» **Work required**:
Stop at the line containing "Nedis Smartwatch 40mm": repeat exactly every line of the entries below from the first up to it, plus that line, with pictures omitted.

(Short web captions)

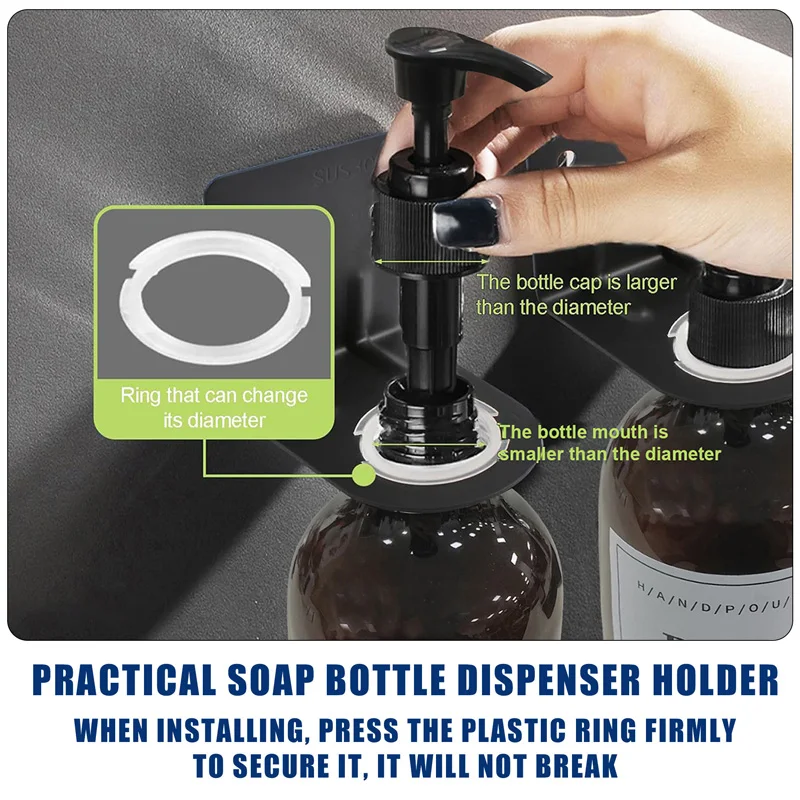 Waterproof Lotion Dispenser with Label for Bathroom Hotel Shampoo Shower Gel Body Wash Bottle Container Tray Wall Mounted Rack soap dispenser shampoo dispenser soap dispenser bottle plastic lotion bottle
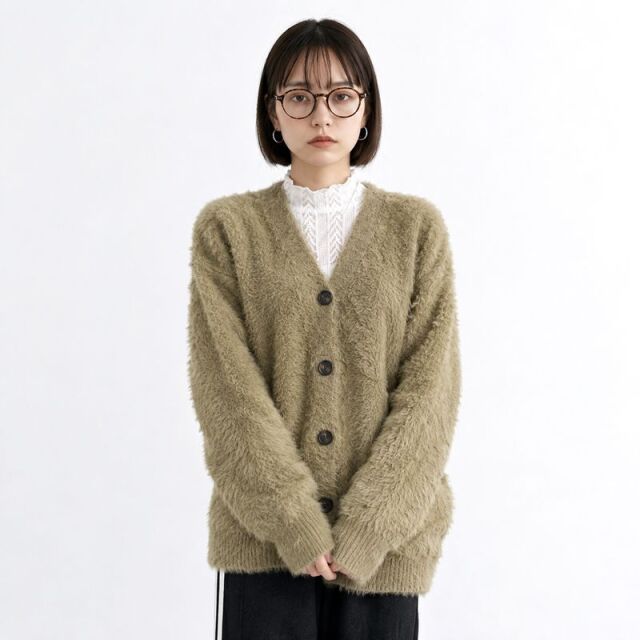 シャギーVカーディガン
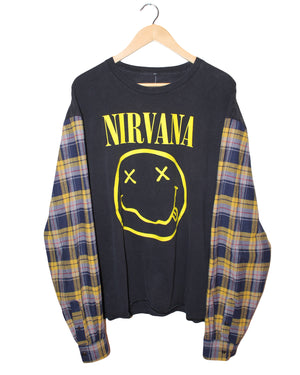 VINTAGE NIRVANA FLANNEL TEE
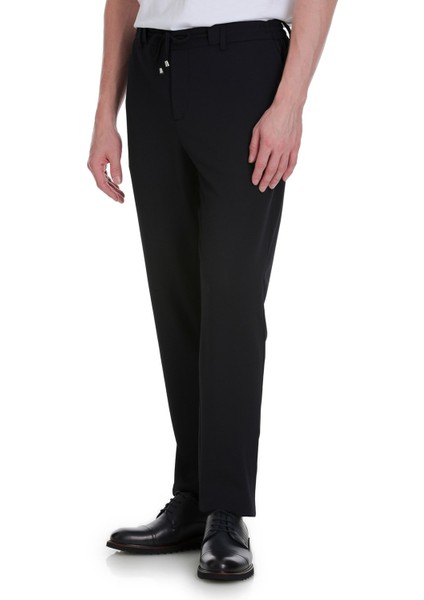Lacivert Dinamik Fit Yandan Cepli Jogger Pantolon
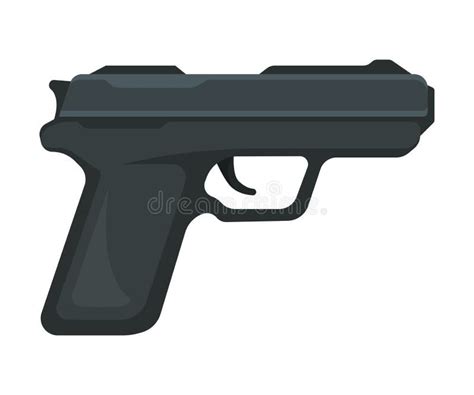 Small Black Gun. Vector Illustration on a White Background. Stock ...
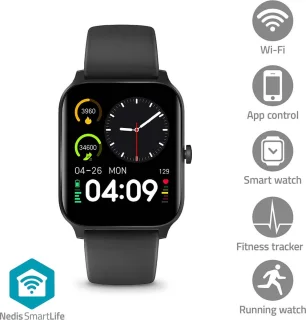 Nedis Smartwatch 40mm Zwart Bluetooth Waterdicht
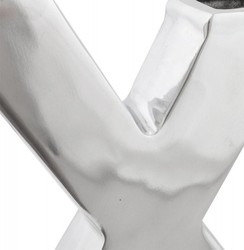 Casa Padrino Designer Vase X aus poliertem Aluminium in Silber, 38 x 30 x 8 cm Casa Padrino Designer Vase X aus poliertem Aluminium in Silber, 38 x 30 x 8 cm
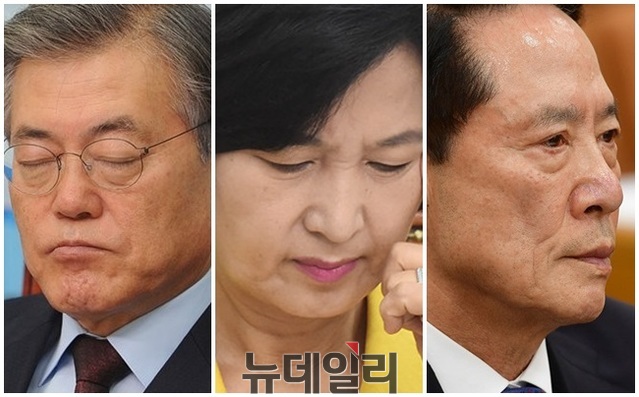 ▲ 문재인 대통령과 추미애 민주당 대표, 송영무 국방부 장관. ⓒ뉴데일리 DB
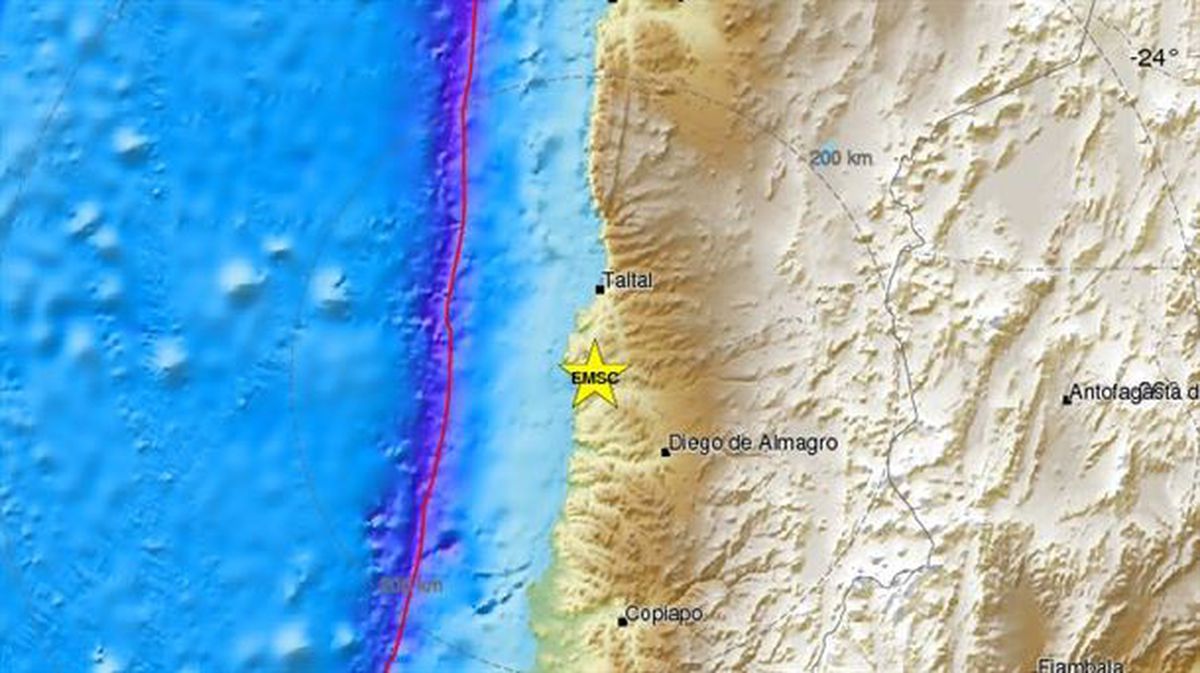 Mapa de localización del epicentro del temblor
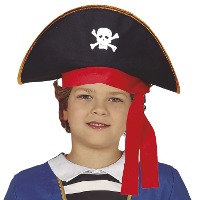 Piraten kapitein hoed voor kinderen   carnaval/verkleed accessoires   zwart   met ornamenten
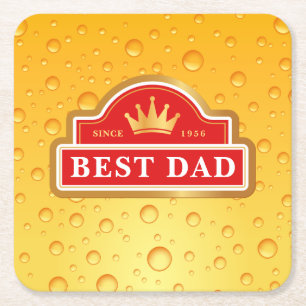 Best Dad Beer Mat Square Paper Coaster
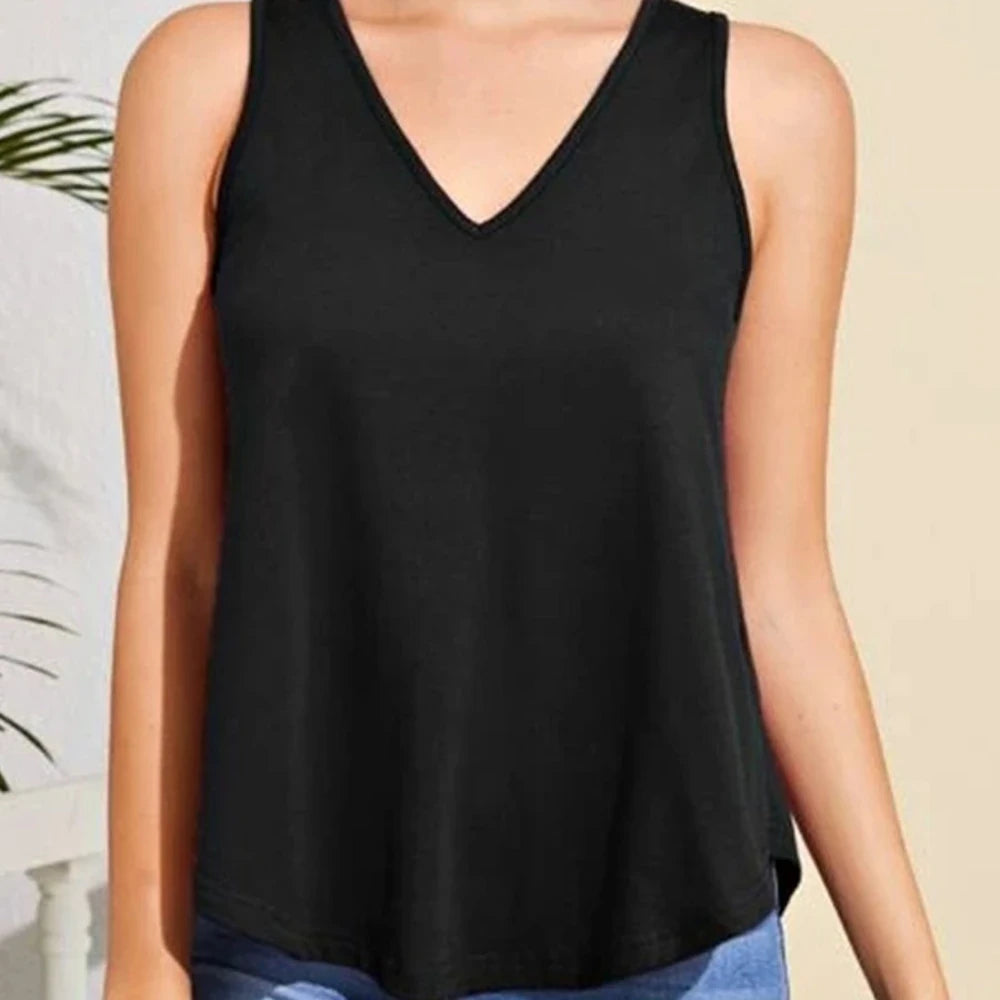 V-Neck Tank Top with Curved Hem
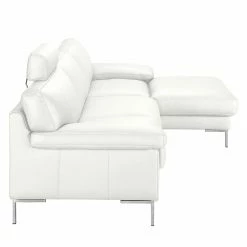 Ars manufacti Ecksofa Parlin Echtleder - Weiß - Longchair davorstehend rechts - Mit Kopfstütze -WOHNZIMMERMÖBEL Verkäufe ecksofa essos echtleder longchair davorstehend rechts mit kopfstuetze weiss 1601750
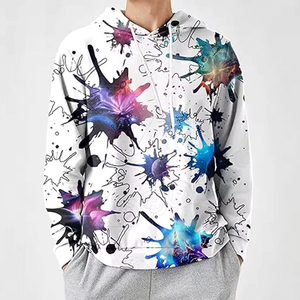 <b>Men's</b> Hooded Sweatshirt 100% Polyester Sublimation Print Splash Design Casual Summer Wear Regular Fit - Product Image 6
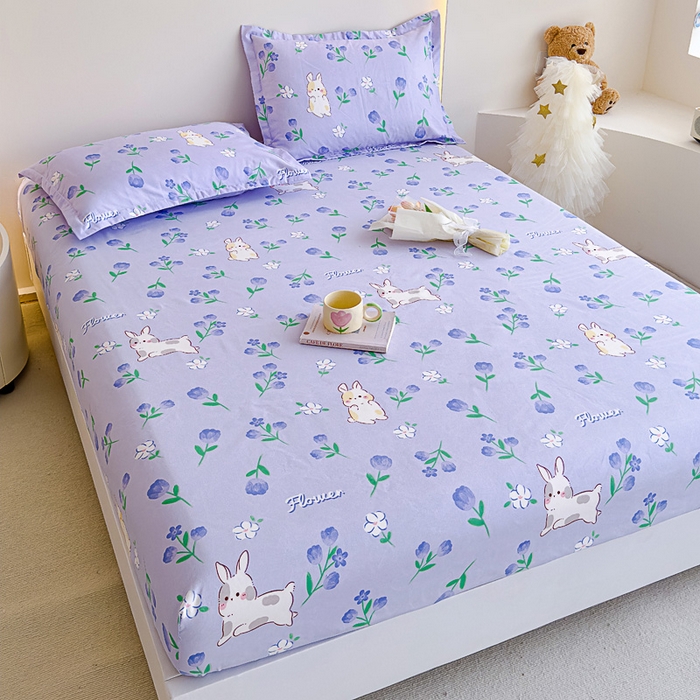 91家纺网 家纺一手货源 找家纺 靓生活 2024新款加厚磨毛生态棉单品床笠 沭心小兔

» **Result for this exercise**:
 Waterproof Lotion Dispenser with Label for Bathroom Hotel Shampoo Shower Gel Body Wash Bottle Container Tray Wall Mounted Rack soap dispenser shampoo dispenser soap dispenser bottle plastic lotion bottle
 シャギーVカーディガン
 VINTAGE NIRVANA FLANNEL TEE
Lacivert Dinamik Fit Yandan Cepli Jogger Pantolon
 Small Black Gun. Vector Illustration on a White Background. Stock ...
 Nedis Smartwatch 40mm Zwart Bluetooth Waterdicht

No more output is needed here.